By lunchtime Tuesday, 40 synod fathers and one auditor had spoken on a variety of subjects during the general congregations — sessions held in the morning and afternoon in which each synod participant speaks for a maximum of four minutes.
The speakers have included 15 Brazilian bishops, 12 prelates from other Latin American countries, and synod fathers from the Roman Curia, Canada and Europe.
Among them were Cardinal Michael Czerny, the undersecretary for migrants and refugees at the Dicastery for Promotion of Integral Human Development, Cardinal Peter Turkson, the prefect of the same dicastery, Cardinal Robert Sarah, the prefect of the Congregation for Divine Worship and the Discipline of the Sacraments, and Cardinal Reinhard Marx, the president of the German bishops’ conference.
The special assembly, “Amazonia: New Paths for the Church and for an Integral Ecology,” began Sunday and runs through Oct. 27.
As in previous synods during the pontificate of Pope Francis, the Vatican did not give details on who said what, ostensibly to encourage a freer and less inhibited discussion, although Cardinal Marx was an exception. He published his full text.
According to a Vatican-provided synthesis of interventions, subjects so far discussed have included a reflection on “indigenous rites” of the Sacrifice of the Mass that, it was said, should be looked upon “benevolently” if they are “not linked to superstitions,” and provided they “harmonize with a true liturgical spirit,” a synod father said.

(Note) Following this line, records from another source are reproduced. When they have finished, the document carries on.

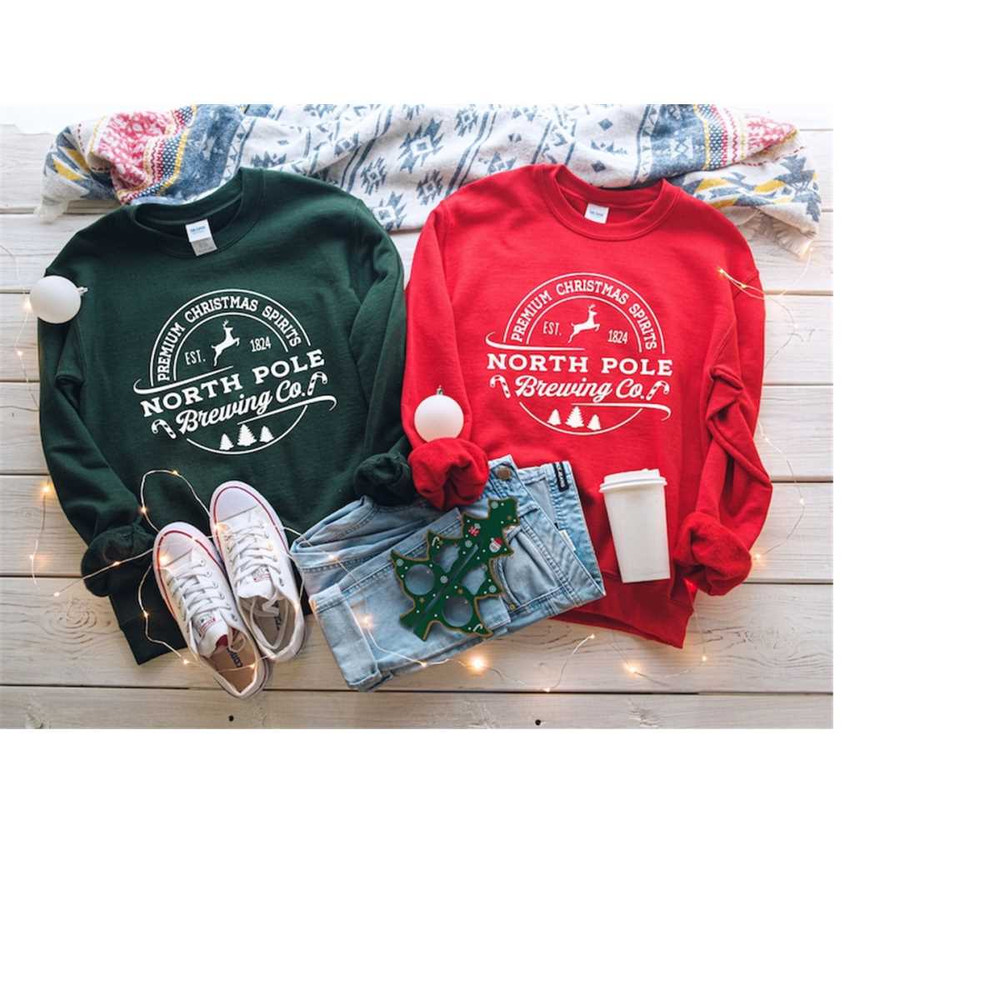 MR-2911202391127-north-pole-brewing-co-sweatshirt-christmas-crewneck-sweater-image-1.jpg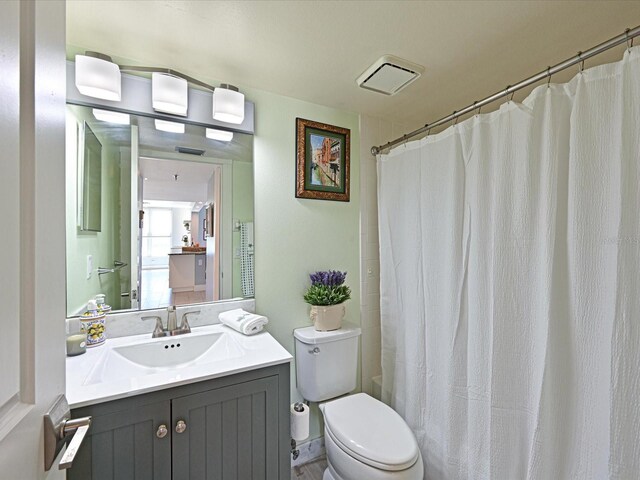 4550 Pinebrook Cir Unit 608, Bradenton, FL 34209 - bathroom featuring vanity, toilet, and a shower with shower curtain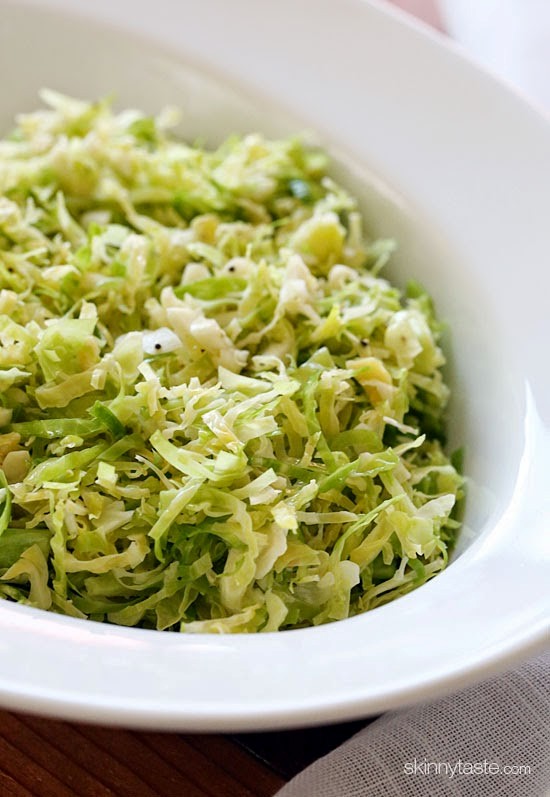 Raw shredded Brussels sprouts with lemon and oil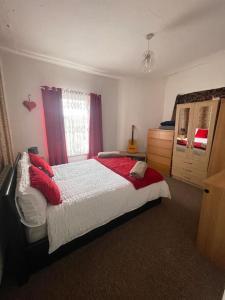 伯明罕的住宿－One bed flat，一间卧室配有一张带红色枕头的大床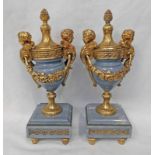 PAIR OF EARLY 20TH CENTURY FRENCH URNS WITH GILT METAL MOUNTS AND LIDS ON A GREY MARBLE BODY,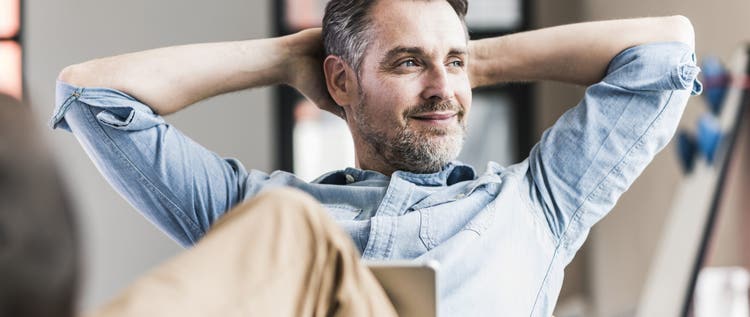 Businessman in office leaning back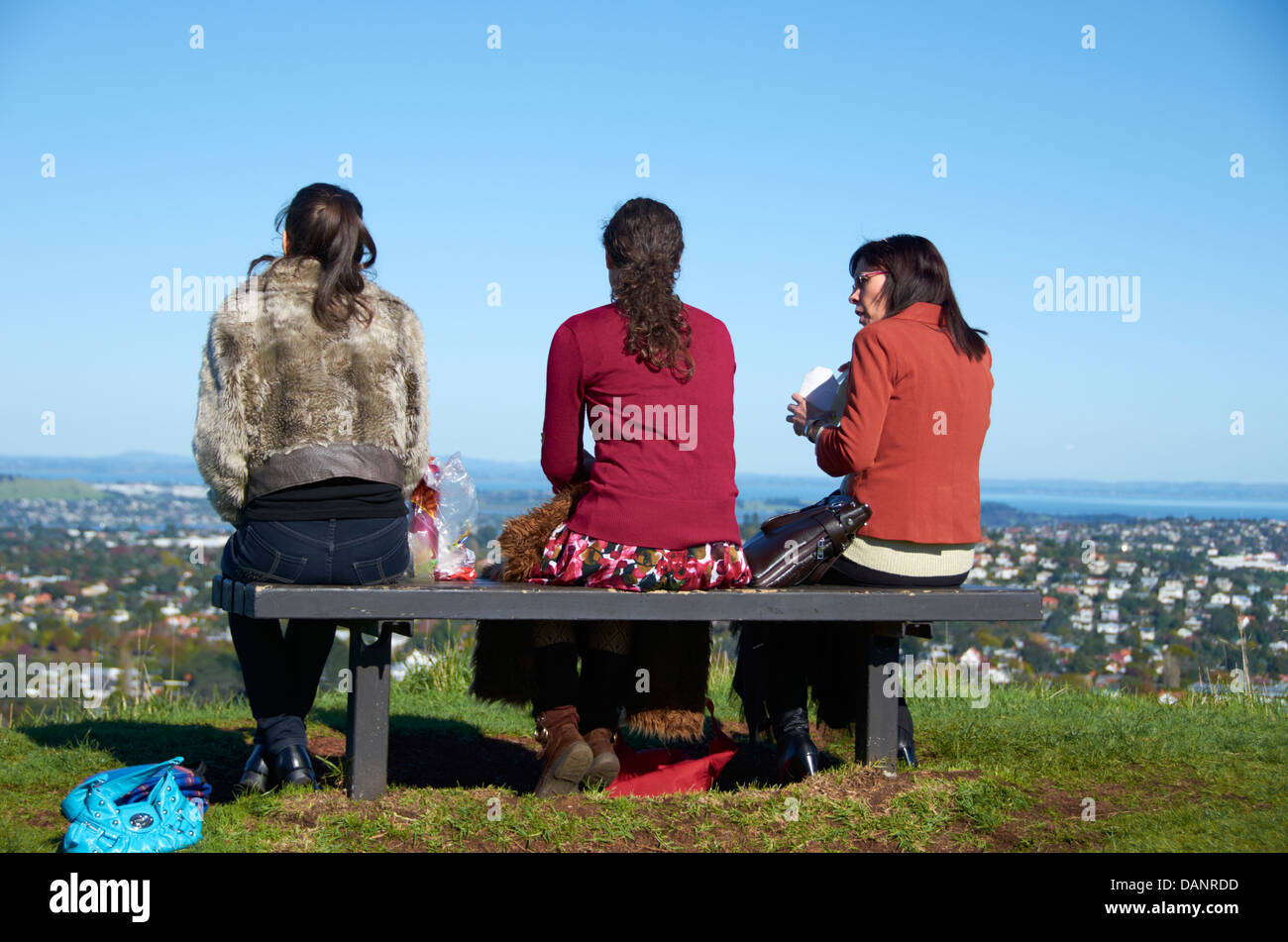Les amis s'assit sur un banc sur le sommet du Mont Eden, Auckland, Nouvelle-Zélande. Banque D'Images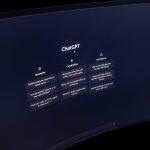 Close-up of a computer screen displaying ChatGPT interface in a dark setting.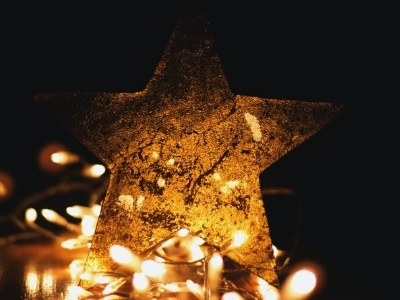Gold star with small lights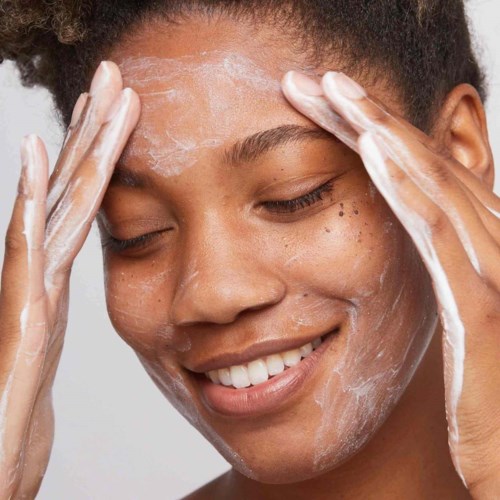 A woman is washing her face and smiling, with soap or cleanser on her face and hands.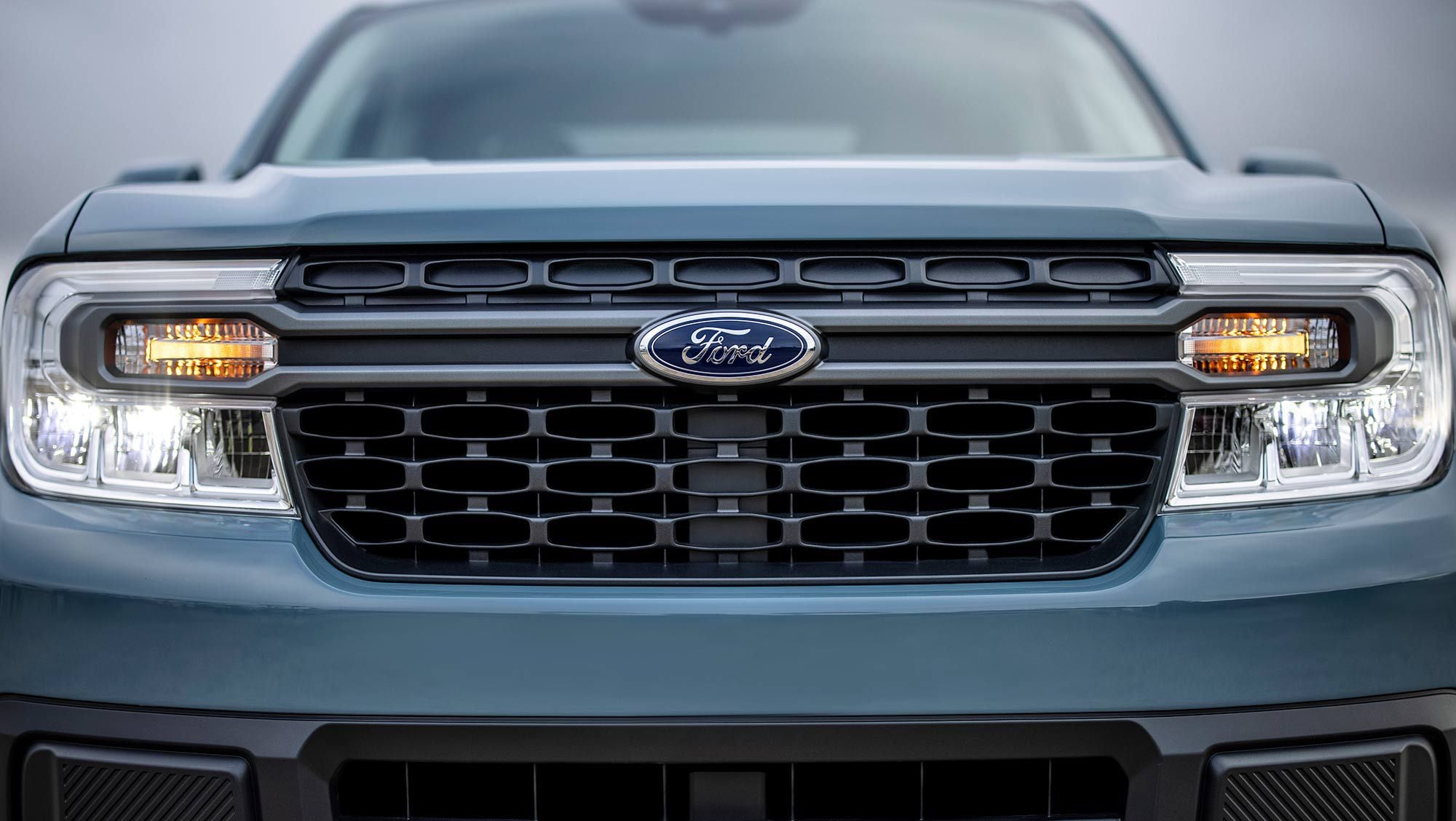 2022 Ford Maverick front grille shown in Hybrid XLT trim with LED lighting.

Related to this, and as part of inculturation, it was proposed that “according to the right theological, liturgical and pastoral discernment,” a “Catholic Amazonian rite” should be considered ad experimentum. After all, it was stressed, “just as there is an environmental ecosystem, so there is an ecclesial ecosystem.”
A relatively large number of interventions have been made already on the contentious issue of the ordination of married men “of proven virtue” (viri probati ) to bring the Eucharist to remote Amazonian areas where priests are not present.
One synod father cautioned that while it is a “legitimate necessity,” the situation cannot “condition a substantial rethinking of the nature of the priesthood and its relationship with celibacy.” Instead, the importance of evangelization was stressed, to foster vocations among the young, as a lasting means to fill the priest shortage.
But it was also proposed that in the face of “secularism, religious indifference, the dizzying proliferation of Pentecostal churches,” the Church “must learn to consult and listen more to the voice of the laity.” And in this context, the need to bring the Eucharist to the laity was emphasized, offering “permanent” ministers rather than merely “visiting” ones, and even a “permanent indigenous diaconate.”